2.04.2014

February 3rd

Just 3 years ago, after 53 days in the NICU, we brought Lucy home from the hospital. I try to remember that day each year. I think it is important to remember all that we've been blessed with and how far Lucy has come. We haven't faced too many obstacles along with way, but if you would have talked to me while my baby was living at Baptist Hospital, my fears were all over the place. Would she have issues learning? Would she be able to walk? Will the holes in her heart close up? Will she ever make it a day without forgetting to breathe? What therapies will she need? Will she have brain issues from oxygen? Will she have vision issues from oxygen? Will she know I'm her mommy? What disabilities will she have? Will she ever be able to breastfeed? Will she have a g tube? What If she gets RSV? Will her ultrasounds come back showing a brain bleed? Will she hate me when she gets older if she gets made fun of for her disabilities? Will she wear a helmet? Any fear you can think someone will have about their baby, I thought it. If you know Lucy now, you know she is amazing........and she tries my patience every day especially since she is 16 3 now. I remember every prayer I said over this baby in the hospital and at home--mostly about all those fears running through my head.
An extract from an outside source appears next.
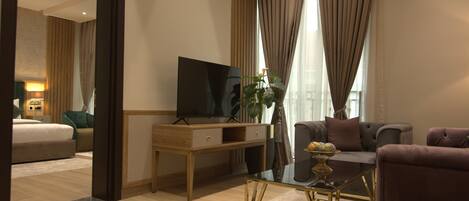 Una camera d'albergo moderna con una scrivania in legno, una TV a schermo piatto, un divano e un tavolino da caffè.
I'm so proud of her !
Looking back at my baby:
 
Lucy's half of the room while we roomed in the night before we brought her home, and Luke fixing our 'bed'. Lucy slept the night away, I pumped, worried, and did not sleep =)
 



 After 53 days at the hospital, & 19 days before her due date she was ready to go home!
 
Last time through those doors!


Home together!
 
First day at home, slept the day away just like in the hospital! She slept the majority of the next few weeks.
 

1 year later! If you can't eat cake on your birthday, you celebrate on the day you came home!

2 years later =)

All grown up, walking, running, talking, eating, counting, singing, dancing,laughing, acting 16, and sledding for the first time! 3 years after discharge.